Oh no! Another brain bender programming assignment to win a ticket to the interview. I must confess: I like them especially the ones I’ve seen from one of the modern tech giants -- not so much as a tool for finding great applicants but as a fun, interesting problem solving exercise.  In this article I would like to share one that a colleague of mine was asked to solve.

What I liked about this one is it offered opportunities for some interesting alternative solutions.  Unfortunately, passing is only determined by whether the solution returned all the correct values for each input –  highlighting one of the drawbacks of screening this way.

Nevertheless, you may be presented with a similar problem and seeing other solutions may help with the next test.  Here’s the problem and a solution in Swift.  It is abridged and described slightly different from the original.

Background

Slippery Seal Trainer is trapped in an NxN grid of rooms. In each room (except the top left) is a hungry polar bear. To travel through the room and escape the jaws of the hungry bear, Trainer must feed it.

Slippery Seal Trainer begins in the top left room.  There’s a door on each wall except for the ones along the perimeter.  The doors are locked in a way that only permits Trainer to exit through the door below and the one on the right.   Once Trainer enters a room, the bear begins to approach.  Trainer must feed the hungry bear until it is full to keep it from being eaten. Trainer is an experienced trainer of zoo animals including bears and knows how much food to feed them.

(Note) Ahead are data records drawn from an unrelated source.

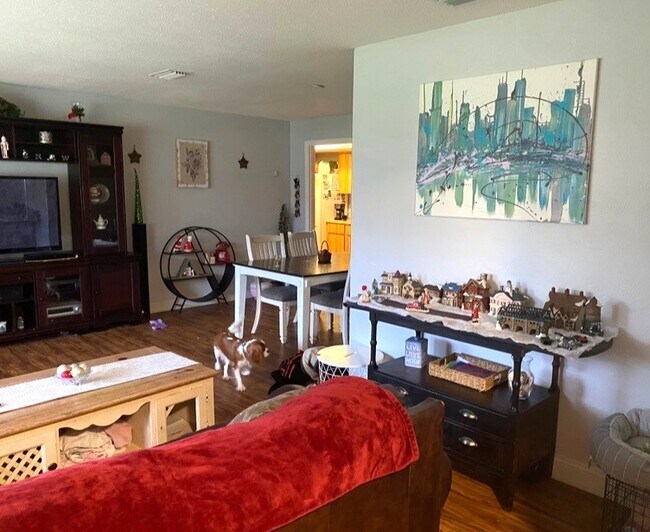 Building Photo - 700 Lindenwood Cir E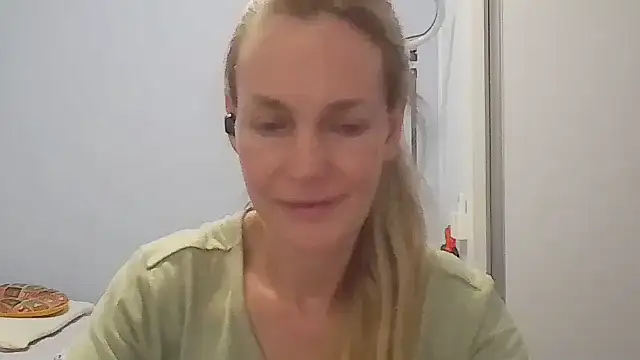 Annylove1 online show from 03.17.26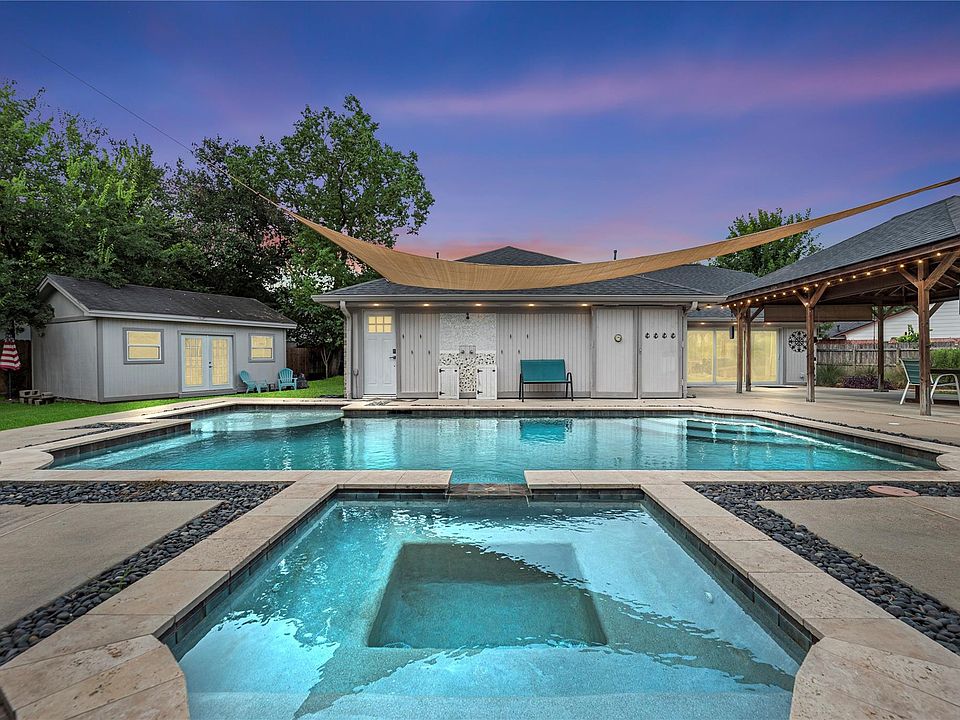 1st image of 2418 Pebbledowne Cir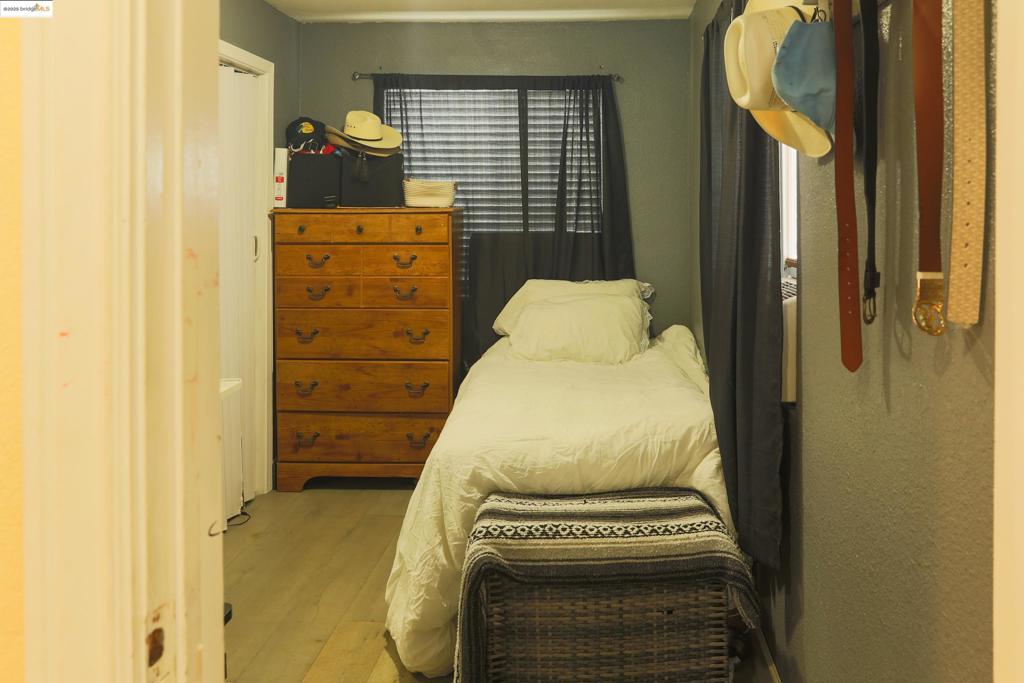 MISSION FOOTHILL - Residential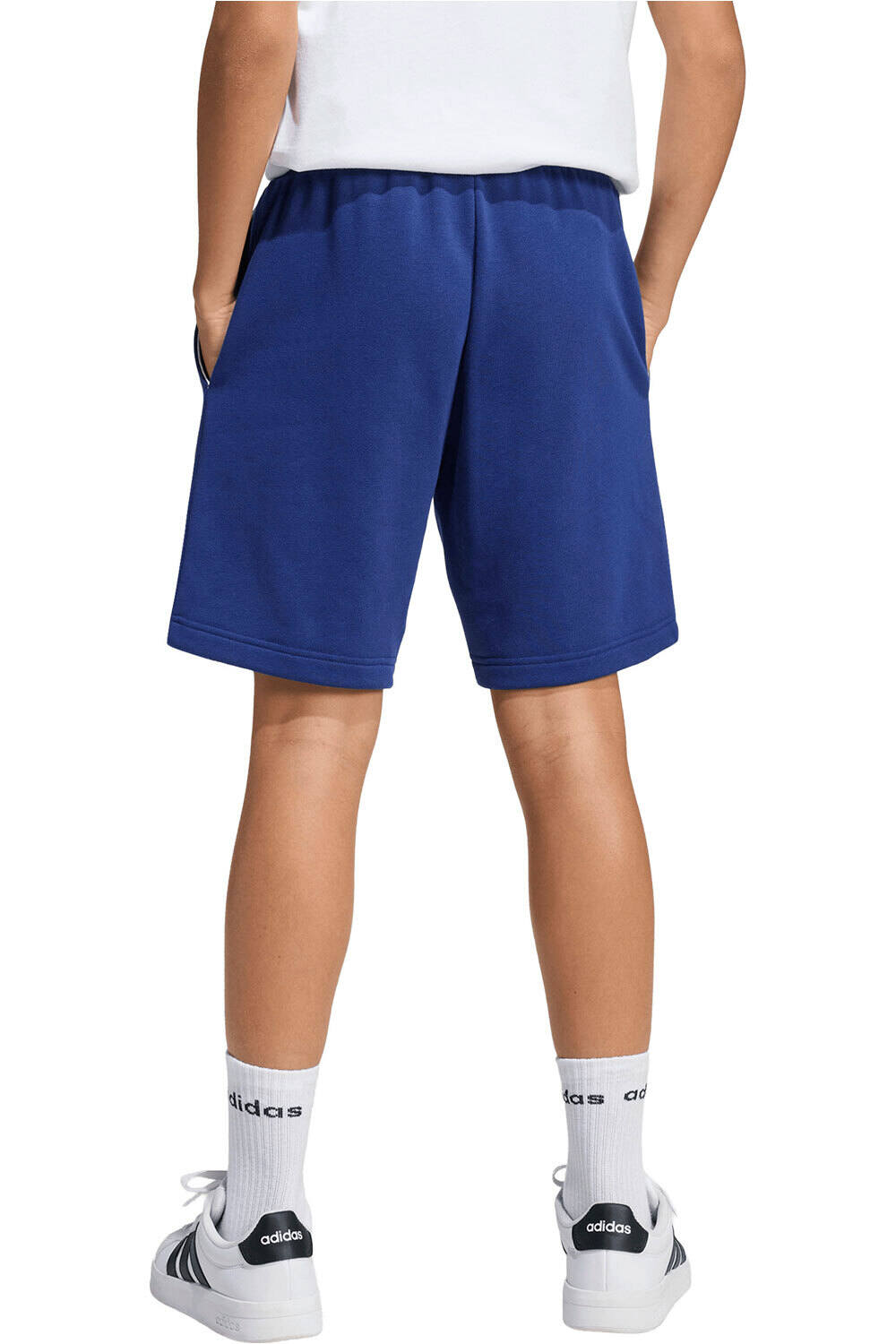 adidas bermuda niño SEASONALS UNIVERSITARIO vista trasera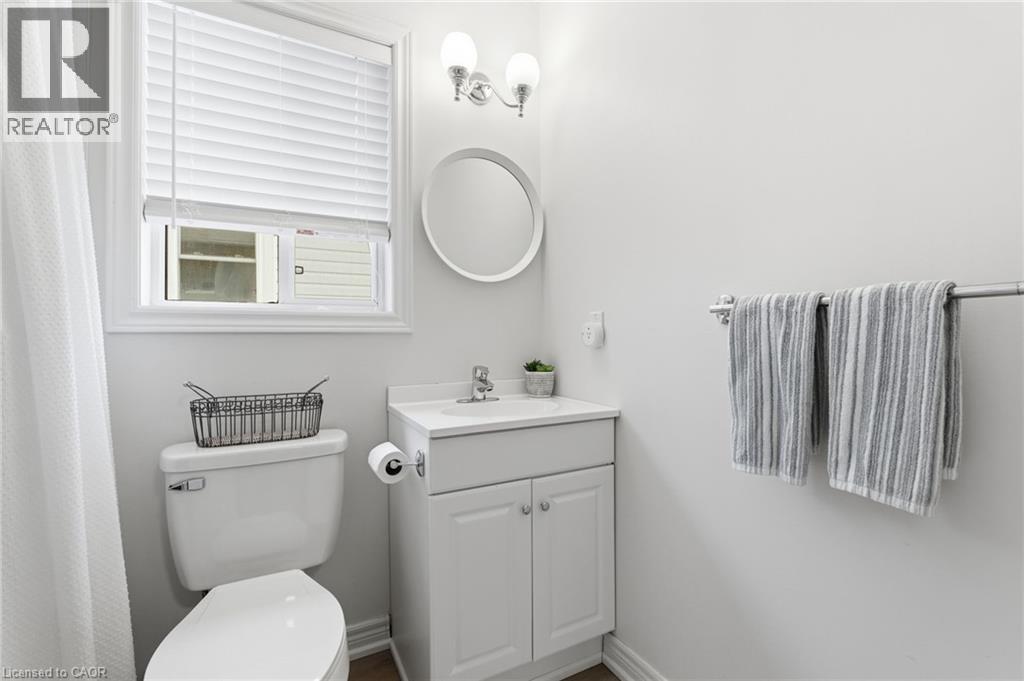 9 Slater Court, Waterdown, Ontario  L8B 0K8 - Photo 29 - 40782004
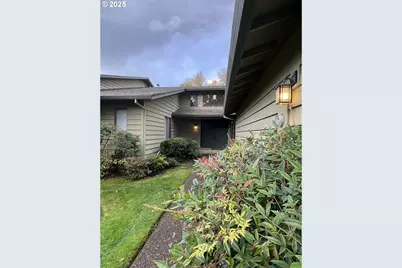 1215 NW Driftwood Pl, McMinnville, OR 97128 - Photo 2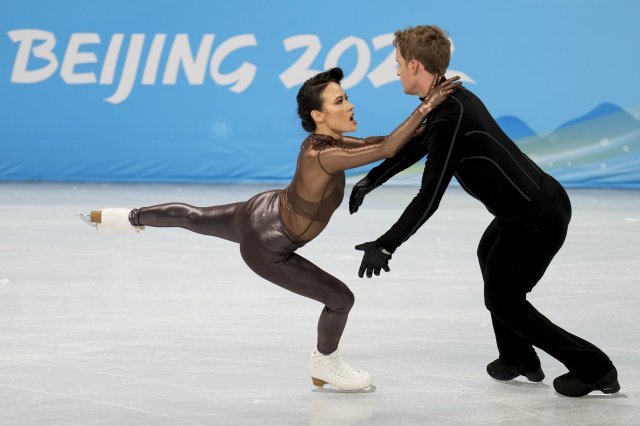 페어 스케이팅 미국 대표팀 매디슨 촉과 에반 베이츠가 3일 베이징에서 열린 2022년 동계 올림픽 훈련 세션에 호흡을 맞추고 있다. AP=뉴시스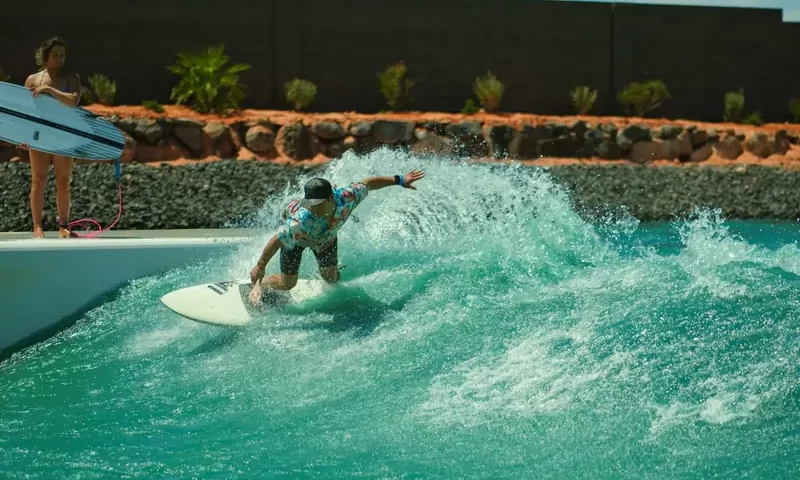 Wave pool in Italia: possiamo vantare simili strutture? Parliamone | Point Break School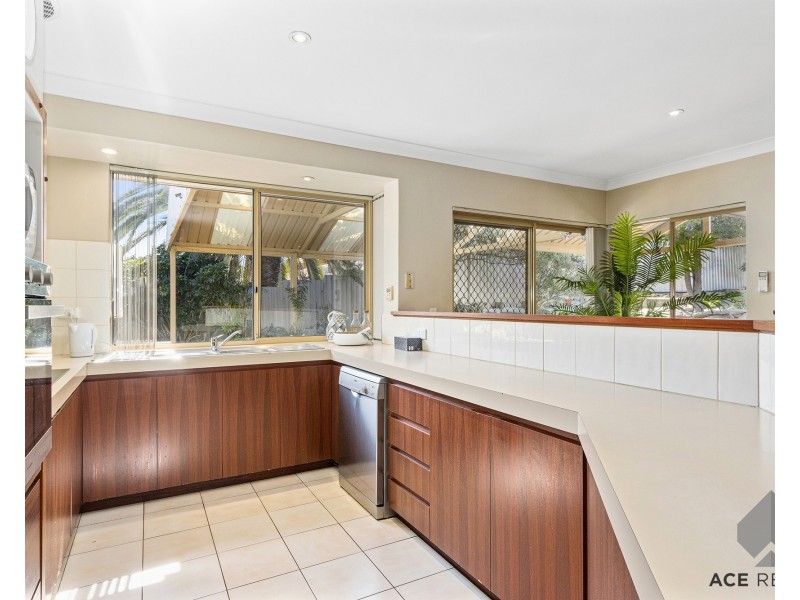 20 Kingsford Drive, Willetton WA 6155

To escape the confines of the grid, Slippery Seal Trainer must find his way to the bottom right room, which also has a hungry polar bear, using most of his limited food. Trainer decides to take the path leaving him with as little food as possible at the end.

Write a function remains(food, grid).  It returns the amount of food Slippery Seal Trainer will have left after taking the root using the most amount of food without being eaten and ending at the bottom right room. Return -1 if no route exists without Trainer being eaten.

The grid is represented by an NxN array of integers. Each element is a room with the value identifying the amount of food required to feed the hungry polar bear to exit. The value at (0,0) is always 0 to indicate there is no bear there.

The grid size does not exceed 20, and the amount of food required to feed each hungry polar bear is a positive integer and does not exceed 10.


Some examples follow:

Example 1

Food = 7

Grid = [[0,2,5], [1,1,3], [2,1,1]]

Output 0

Example 2

Food = 12

Grid = [[0,2,5], [1,1,3], [2,1,1]]

Output 1

The algorithm requires visiting all paths from the top left corner to the bottom right in search of the one resulting in the most amount of food consumed – all of it if possible, but of course not more.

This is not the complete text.